### What to work on
Copy out precisely the lines from the start of the data through the line with "Now that we", and keep pictures out of it.
*** Input data Section Begins ***
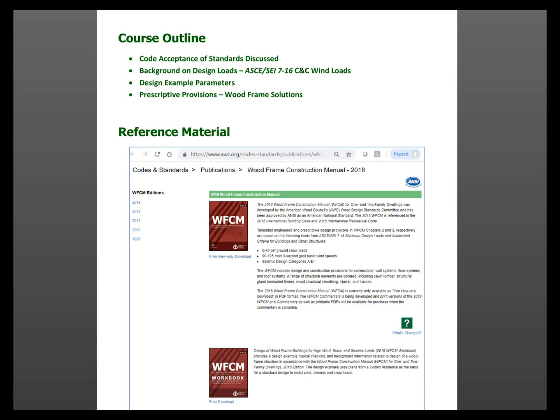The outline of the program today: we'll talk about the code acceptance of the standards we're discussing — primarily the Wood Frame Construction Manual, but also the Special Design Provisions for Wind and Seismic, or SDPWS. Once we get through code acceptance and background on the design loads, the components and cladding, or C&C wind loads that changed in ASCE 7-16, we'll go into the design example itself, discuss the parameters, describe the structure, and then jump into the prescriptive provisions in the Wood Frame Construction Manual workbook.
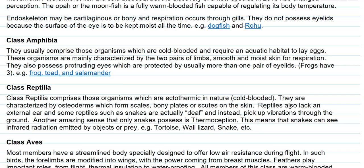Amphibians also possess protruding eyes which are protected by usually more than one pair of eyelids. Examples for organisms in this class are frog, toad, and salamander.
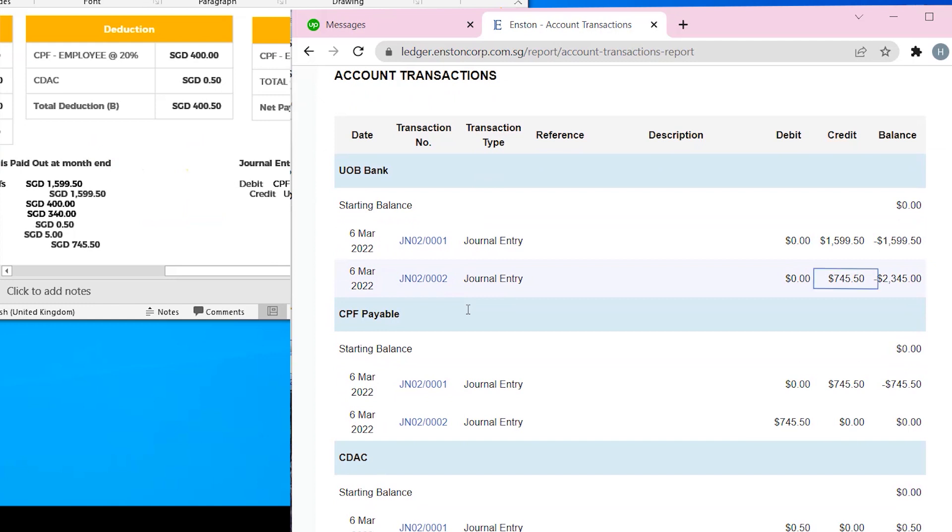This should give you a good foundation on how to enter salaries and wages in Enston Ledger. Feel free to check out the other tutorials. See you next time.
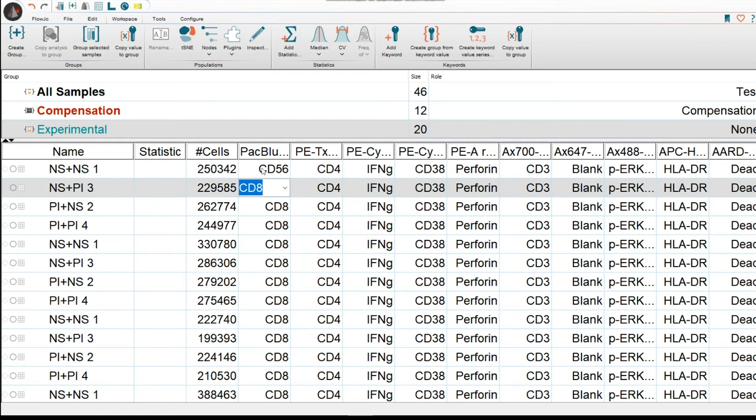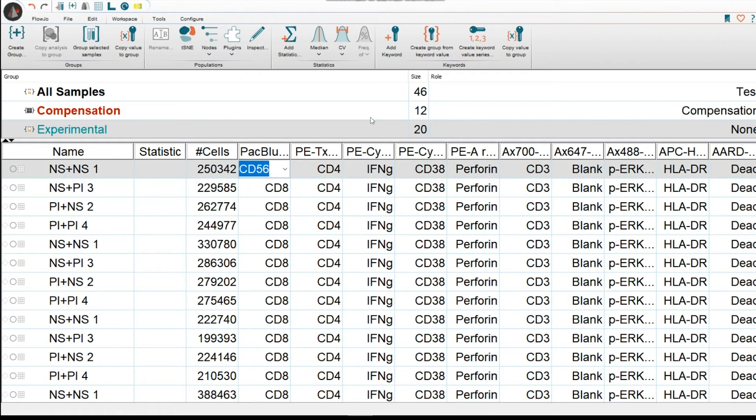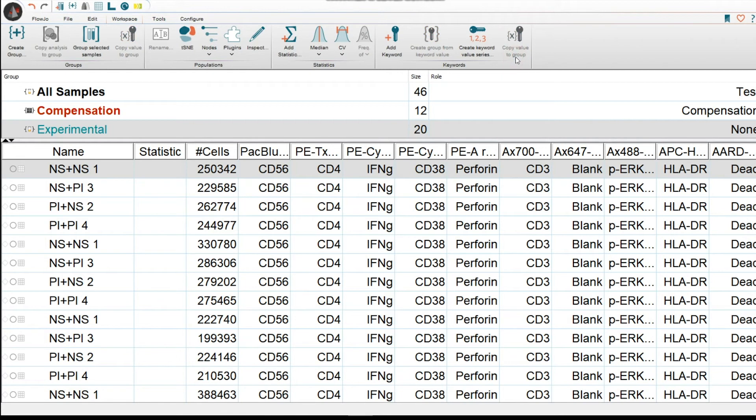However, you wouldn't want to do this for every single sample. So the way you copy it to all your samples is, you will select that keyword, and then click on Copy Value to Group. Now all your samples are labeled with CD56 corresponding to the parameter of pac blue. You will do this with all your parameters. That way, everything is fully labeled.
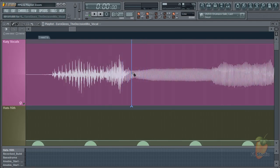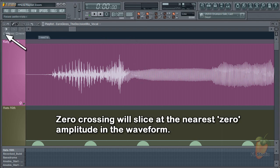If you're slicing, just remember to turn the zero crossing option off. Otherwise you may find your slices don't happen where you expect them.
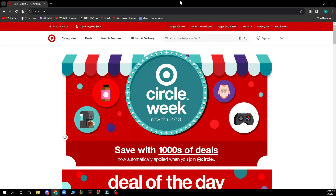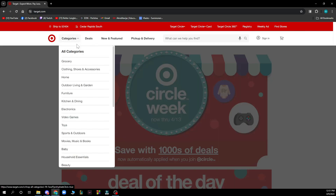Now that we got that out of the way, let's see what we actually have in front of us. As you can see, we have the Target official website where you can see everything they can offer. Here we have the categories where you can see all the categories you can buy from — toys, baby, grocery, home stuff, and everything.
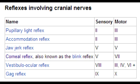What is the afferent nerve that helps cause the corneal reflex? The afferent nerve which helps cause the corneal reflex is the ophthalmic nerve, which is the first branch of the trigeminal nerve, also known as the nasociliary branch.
*** Input data Section Ends ***
### Your solution
The outline of the program today: we'll talk about the code acceptance of the standards we're discussing — primarily the Wood Frame Construction Manual, but also the Special Design Provisions for Wind and Seismic, or SDPWS. Once we get through code acceptance and background on the design loads, the components and cladding, or C&C wind loads that changed in ASCE 7-16, we'll go into the design example itself, discuss the parameters, describe the structure, and then jump into the prescriptive provisions in the Wood Frame Construction Manual workbook.
Amphibians also possess protruding eyes which are protected by usually more than one pair of eyelids. Examples for organisms in this class are frog, toad, and salamander.
This should give you a good foundation on how to enter salaries and wages in Enston Ledger. Feel free to check out the other tutorials. See you next time.
However, you wouldn't want to do this for every single sample. So the way you copy it to all your samples is, you will select that keyword, and then click on Copy Value to Group. Now all your samples are labeled with CD56 corresponding to the parameter of pac blue. You will do this with all your parameters. That way, everything is fully labeled.
If you're slicing, just remember to turn the zero crossing option off. Otherwise you may find your slices don't happen where you expect them.
Now that we got that out of the way, let's see what we actually have in front of us. As you can see, we have the Target official website where you can see everything they can offer. Here we have the categories where you can see all the categories you can buy from — toys, baby, grocery, home stuff, and everything.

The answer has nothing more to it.